DATA EXTRACTS
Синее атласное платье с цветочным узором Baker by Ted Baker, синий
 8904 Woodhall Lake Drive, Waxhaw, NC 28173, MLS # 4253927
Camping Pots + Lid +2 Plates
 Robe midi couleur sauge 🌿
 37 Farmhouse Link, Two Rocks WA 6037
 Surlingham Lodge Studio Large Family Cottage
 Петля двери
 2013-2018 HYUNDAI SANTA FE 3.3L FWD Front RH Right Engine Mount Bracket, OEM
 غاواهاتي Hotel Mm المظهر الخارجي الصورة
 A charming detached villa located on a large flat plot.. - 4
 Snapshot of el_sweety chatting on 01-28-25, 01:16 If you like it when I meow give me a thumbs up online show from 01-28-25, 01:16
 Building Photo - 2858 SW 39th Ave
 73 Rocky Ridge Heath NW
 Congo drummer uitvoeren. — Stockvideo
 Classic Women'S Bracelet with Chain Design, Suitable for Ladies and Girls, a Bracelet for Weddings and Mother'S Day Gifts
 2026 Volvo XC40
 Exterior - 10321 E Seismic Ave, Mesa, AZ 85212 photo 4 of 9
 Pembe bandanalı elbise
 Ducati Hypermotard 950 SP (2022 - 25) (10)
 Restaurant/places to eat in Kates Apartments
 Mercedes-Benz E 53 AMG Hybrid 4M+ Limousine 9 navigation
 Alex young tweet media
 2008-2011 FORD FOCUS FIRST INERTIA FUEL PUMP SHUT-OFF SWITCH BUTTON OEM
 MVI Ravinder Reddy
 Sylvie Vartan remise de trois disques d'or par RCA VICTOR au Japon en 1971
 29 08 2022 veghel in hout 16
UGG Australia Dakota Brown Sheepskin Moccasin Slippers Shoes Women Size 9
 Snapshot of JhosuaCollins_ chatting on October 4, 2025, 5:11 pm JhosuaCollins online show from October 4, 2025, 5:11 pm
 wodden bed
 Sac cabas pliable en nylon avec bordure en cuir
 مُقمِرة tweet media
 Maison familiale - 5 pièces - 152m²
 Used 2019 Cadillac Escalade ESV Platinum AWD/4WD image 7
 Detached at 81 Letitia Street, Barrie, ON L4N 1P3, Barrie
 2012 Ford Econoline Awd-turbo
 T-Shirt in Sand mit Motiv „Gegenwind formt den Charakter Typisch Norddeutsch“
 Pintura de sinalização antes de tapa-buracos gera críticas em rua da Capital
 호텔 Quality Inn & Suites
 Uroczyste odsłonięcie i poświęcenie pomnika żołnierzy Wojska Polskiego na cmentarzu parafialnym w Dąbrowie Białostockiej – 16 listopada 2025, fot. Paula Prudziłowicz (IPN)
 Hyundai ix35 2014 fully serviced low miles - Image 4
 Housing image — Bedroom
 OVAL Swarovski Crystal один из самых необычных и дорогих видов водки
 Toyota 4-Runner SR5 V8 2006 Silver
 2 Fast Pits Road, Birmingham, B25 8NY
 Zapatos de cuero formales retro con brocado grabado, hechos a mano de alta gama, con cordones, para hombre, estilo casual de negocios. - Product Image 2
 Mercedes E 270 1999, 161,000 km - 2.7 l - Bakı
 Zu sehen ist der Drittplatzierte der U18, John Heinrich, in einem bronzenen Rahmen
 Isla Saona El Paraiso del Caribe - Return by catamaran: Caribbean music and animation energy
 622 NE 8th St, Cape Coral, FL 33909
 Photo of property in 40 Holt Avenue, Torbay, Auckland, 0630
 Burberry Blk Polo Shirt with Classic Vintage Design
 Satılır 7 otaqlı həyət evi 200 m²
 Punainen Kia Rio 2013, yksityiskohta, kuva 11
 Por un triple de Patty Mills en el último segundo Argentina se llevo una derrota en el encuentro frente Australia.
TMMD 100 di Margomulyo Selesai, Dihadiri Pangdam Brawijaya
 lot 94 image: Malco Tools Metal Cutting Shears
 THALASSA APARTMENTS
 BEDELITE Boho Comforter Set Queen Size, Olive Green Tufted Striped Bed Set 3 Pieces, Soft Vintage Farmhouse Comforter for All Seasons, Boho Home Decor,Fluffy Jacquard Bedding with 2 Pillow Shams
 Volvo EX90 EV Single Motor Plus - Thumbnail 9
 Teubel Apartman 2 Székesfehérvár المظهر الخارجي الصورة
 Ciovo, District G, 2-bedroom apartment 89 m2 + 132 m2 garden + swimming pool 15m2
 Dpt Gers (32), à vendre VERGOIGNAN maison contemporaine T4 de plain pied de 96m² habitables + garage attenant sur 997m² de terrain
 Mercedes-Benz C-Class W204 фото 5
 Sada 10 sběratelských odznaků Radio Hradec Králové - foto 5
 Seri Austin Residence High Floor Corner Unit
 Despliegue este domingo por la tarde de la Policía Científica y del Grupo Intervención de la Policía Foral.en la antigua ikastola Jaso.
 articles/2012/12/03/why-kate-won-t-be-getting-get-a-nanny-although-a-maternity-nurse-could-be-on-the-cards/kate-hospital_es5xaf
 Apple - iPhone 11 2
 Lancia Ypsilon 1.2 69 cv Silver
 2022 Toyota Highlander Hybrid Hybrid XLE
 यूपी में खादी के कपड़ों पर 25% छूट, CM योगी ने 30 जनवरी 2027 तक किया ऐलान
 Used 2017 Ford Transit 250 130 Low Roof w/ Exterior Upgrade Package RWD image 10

WHAT YOU WILL DO
Only one stretch of the entries above is wanted: the lines from the one containing "Sac cabas pliable" through the one containing "Seri Austin Residence High Floor Corner Unit". Please reproduce it exactly.

FINISHED EXERCISE
 Sac cabas pliable en nylon avec bordure en cuir
 مُقمِرة tweet media
 Maison familiale - 5 pièces - 152m²
 Used 2019 Cadillac Escalade ESV Platinum AWD/4WD image 7
 Detached at 81 Letitia Street, Barrie, ON L4N 1P3, Barrie
 2012 Ford Econoline Awd-turbo
 T-Shirt in Sand mit Motiv „Gegenwind formt den Charakter Typisch Norddeutsch“
 Pintura de sinalização antes de tapa-buracos gera críticas em rua da Capital
 호텔 Quality Inn & Suites
 Uroczyste odsłonięcie i poświęcenie pomnika żołnierzy Wojska Polskiego na cmentarzu parafialnym w Dąbrowie Białostockiej – 16 listopada 2025, fot. Paula Prudziłowicz (IPN)
 Hyundai ix35 2014 fully serviced low miles - Image 4
 Housing image — Bedroom
 OVAL Swarovski Crystal один из самых необычных и дорогих видов водки
 Toyota 4-Runner SR5 V8 2006 Silver
 2 Fast Pits Road, Birmingham, B25 8NY
 Zapatos de cuero formales retro con brocado grabado, hechos a mano de alta gama, con cordones, para hombre, estilo casual de negocios. - Product Image 2
 Mercedes E 270 1999, 161,000 km - 2.7 l - Bakı
 Zu sehen ist der Drittplatzierte der U18, John Heinrich, in einem bronzenen Rahmen
 Isla Saona El Paraiso del Caribe - Return by catamaran: Caribbean music and animation energy
 622 NE 8th St, Cape Coral, FL 33909
 Photo of property in 40 Holt Avenue, Torbay, Auckland, 0630
 Burberry Blk Polo Shirt with Classic Vintage Design
 Satılır 7 otaqlı həyət evi 200 m²
 Punainen Kia Rio 2013, yksityiskohta, kuva 11
 Por un triple de Patty Mills en el último segundo Argentina se llevo una derrota en el encuentro frente Australia.
TMMD 100 di Margomulyo Selesai, Dihadiri Pangdam Brawijaya
 lot 94 image: Malco Tools Metal Cutting Shears
 THALASSA APARTMENTS
 BEDELITE Boho Comforter Set Queen Size, Olive Green Tufted Striped Bed Set 3 Pieces, Soft Vintage Farmhouse Comforter for All Seasons, Boho Home Decor,Fluffy Jacquard Bedding with 2 Pillow Shams
 Volvo EX90 EV Single Motor Plus - Thumbnail 9
 Teubel Apartman 2 Székesfehérvár المظهر الخارجي الصورة
 Ciovo, District G, 2-bedroom apartment 89 m2 + 132 m2 garden + swimming pool 15m2
 Dpt Gers (32), à vendre VERGOIGNAN maison contemporaine T4 de plain pied de 96m² habitables + garage attenant sur 997m² de terrain
 Mercedes-Benz C-Class W204 фото 5
 Sada 10 sběratelských odznaků Radio Hradec Králové - foto 5
 Seri Austin Residence High Floor Corner Unit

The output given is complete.